|Original picture removed, reasons to be disclosed eventually. In the meantime, here's a bunny with a pancake on it's head.|
When I was 15, I had a part-time job weeding for the nursery business of a family friend. Her home was on land that had once been a part of the family farm, and included oddities like walking onions, red wheat still sprouting up in odd corners, and the most strange apple tree I had ever seen. This gnarled old tree had small apples (before it started getting trendy to market them as "lunchbox sized") that were yellow-green with a small peach blush where the sun hit. If you bit into one, it wasn't sweet! It was starchy, almost like a potato, with a little sour-sweet after taste. The texture, too, was different then any apple I had ever seen...denser. I was fascinated by those apples, and got permission to take home a bucket full.

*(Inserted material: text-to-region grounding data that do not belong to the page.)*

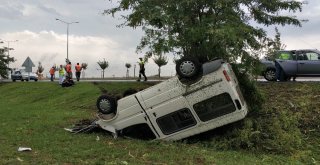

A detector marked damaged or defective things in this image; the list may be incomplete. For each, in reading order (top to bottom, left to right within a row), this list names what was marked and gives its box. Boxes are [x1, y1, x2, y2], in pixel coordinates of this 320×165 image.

damaged vehicle [94, 58, 248, 141]
overturned white van [94, 58, 248, 141]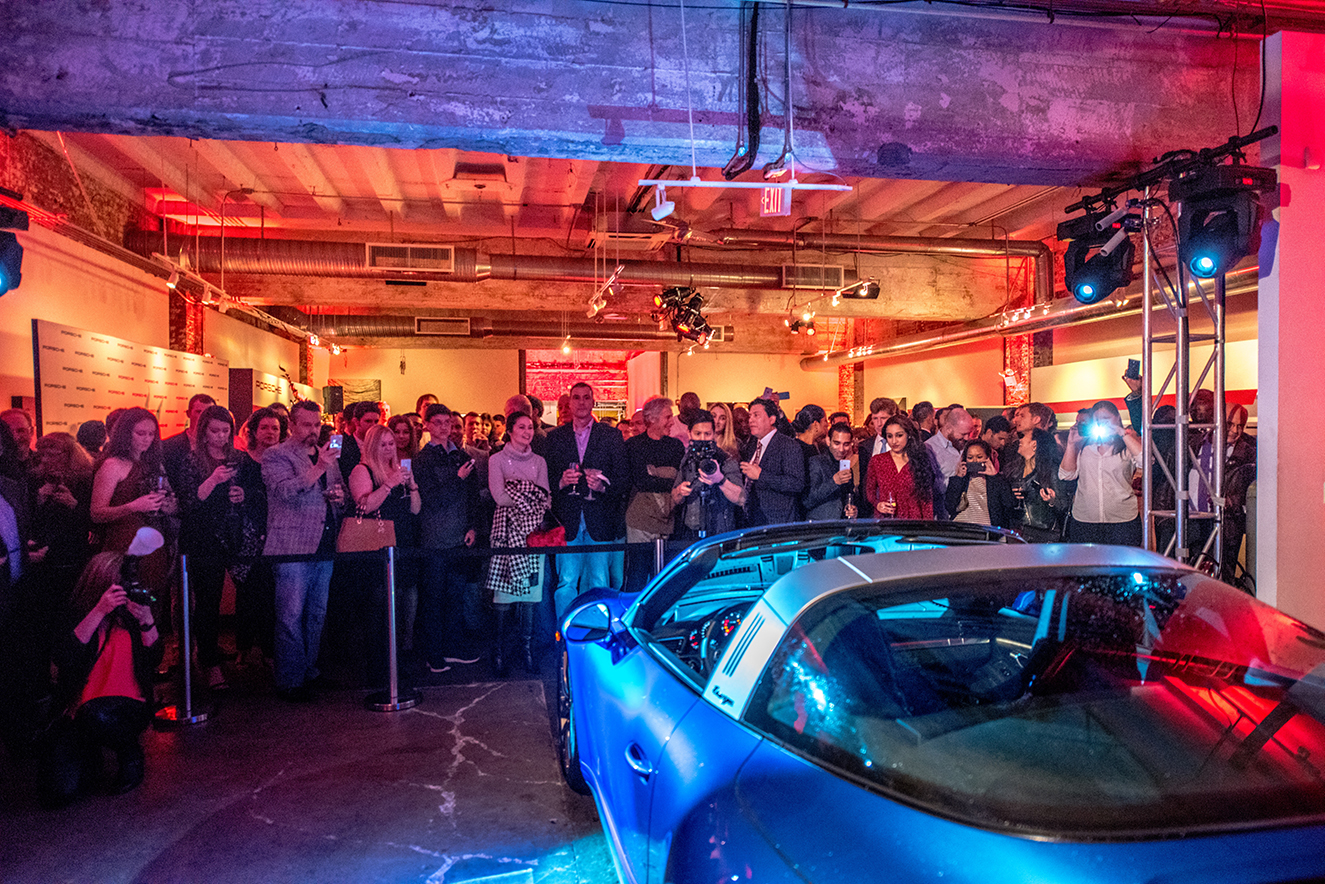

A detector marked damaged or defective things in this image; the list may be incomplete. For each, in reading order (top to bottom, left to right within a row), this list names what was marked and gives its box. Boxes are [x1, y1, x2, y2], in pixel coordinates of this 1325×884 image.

cracked concrete floor [0, 683, 617, 880]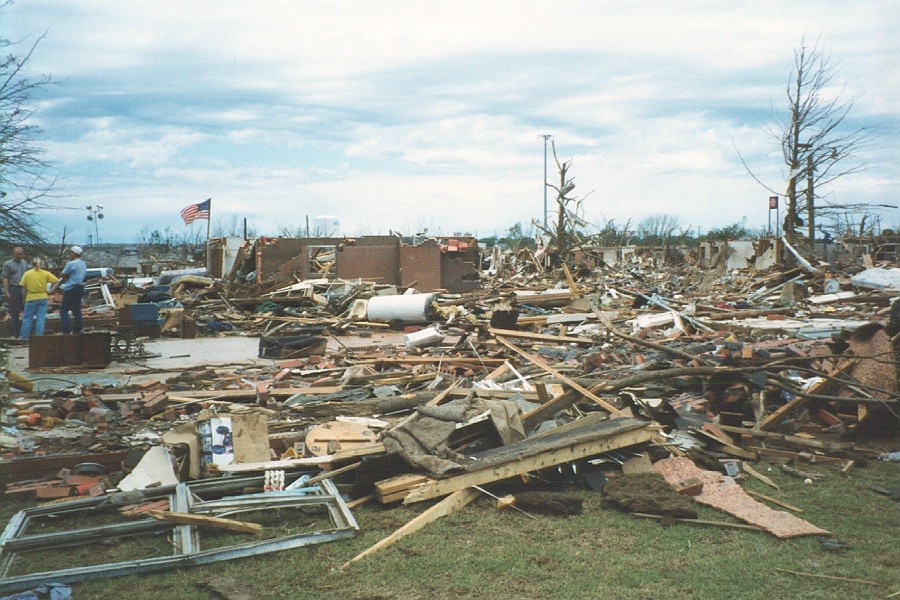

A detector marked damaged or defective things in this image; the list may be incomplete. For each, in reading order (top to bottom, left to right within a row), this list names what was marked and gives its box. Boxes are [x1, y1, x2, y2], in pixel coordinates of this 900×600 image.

splintered wood [648, 458, 828, 536]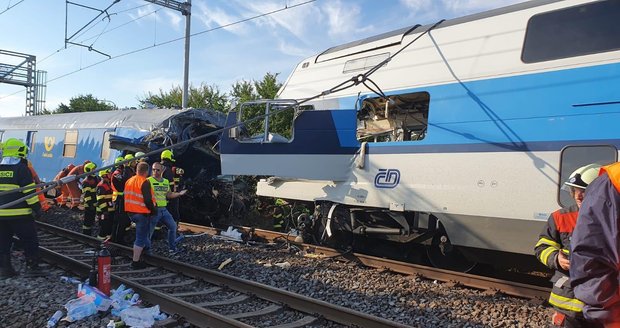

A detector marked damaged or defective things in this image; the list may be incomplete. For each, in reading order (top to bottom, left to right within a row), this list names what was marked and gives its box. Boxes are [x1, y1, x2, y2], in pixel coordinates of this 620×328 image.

Eating them out of hand was, obviously, not very pleasant, but when cooked or dried in rings, all the mellow flavor came right out. If I'd known how at the time, it would have made rich and creamy applesauce, especially paired with a more tart variety...and so began my awareness that there was something else out there, more then what could be bought at my local supermarket.
What is an Heirloom plant?
Whether choosing produce at your local farmer's market, or picking species to grow in your own backyard, more and more people today are choosing old varieties, often referred to as Heirloom plants. Here's how it works: in the 30's-50's, as shipping fruit and vegetable across the continent became more common, growers began to hybridize plants looking for traits that would insure their plants were the market king. While during the Nineteenth Century (and earlier), you would find lots of different local varieties sold, chosen by the grower based on factors like climate and soil conditions, and by the buyer based on what they wanted to do with the produce in question, by the 50's only two or three shipped varieties could be found in the average market.
|Slow Food USA|
The registry on Orange Pippin has more then 2,500 varieties of apples(out of as many as 15,000 varieties once grown in America). They come in all shapes and sizes, range in color from yellow and green to bright red, to so dark they're almost black (take a look at the Arkansas Black if you don't believe me).
On the other hand, while super markets are slowly adding more varieties, by the 1950's it had boiled down to three: Red Delicious, Golden Delicious, and Granny Smith.
Why are Heirloom's better? Weren't those types chosen for a reason?
The common grocery store varieties were chosen for a reason: they have a large cellular structure that acts like packing peanuts, i.e. lets them ship with minimal bruising. They are also large, have a bright, easily recognizable color(which marketing has found looks more visually appealing, leading to brand loyalty), and have a high yield (many fruit from a given plant).
In addition, all the the common grocery apples often pose problems for the home grower. They are bred for areas like Washington State, and won't get enough cold hours during the fall and winter in the South (where a Winesap, or Victoria Limbertwig would shine), and they aren't hardy enough for my neck of the woods, like a Russian Alexander or a Tioga from Minnesota.
Where can I find Heirloom apples?
While many grocery stores are doing their best to get in on the act by keeping more varieties, many of the best are going to be disappointing when picked green and shipped while they ripen. Trust me, you will be happier if you buy local! Apple season is going to start once the weather cools down, watch for carts, roadside stands and farmer's market stands. Talk to the person you're buying from; ask what they would recommend, and buy some for eating, and others specifically for cooking and preserving. If you're particularly daring, and have the equipment for applications like brewing, try your hand at cider!
|A list of apple events from Saveur|
Starting apple season with a hunt in mind lends a sense of adventure to the cooling air and changing colors of autumn. Who knows what treasures are waiting if you look? Your taste buds will thank you!
For a great Heirloom catalog, I would strongly recommend Trees of Antiquity. They just sent me their winter catalog, and are starting their 2012 pre-orders now, so hurry if you're interested!
If you have an heirloom apple tree, and need to identify it, your local chapter of Slow Food USA can often help.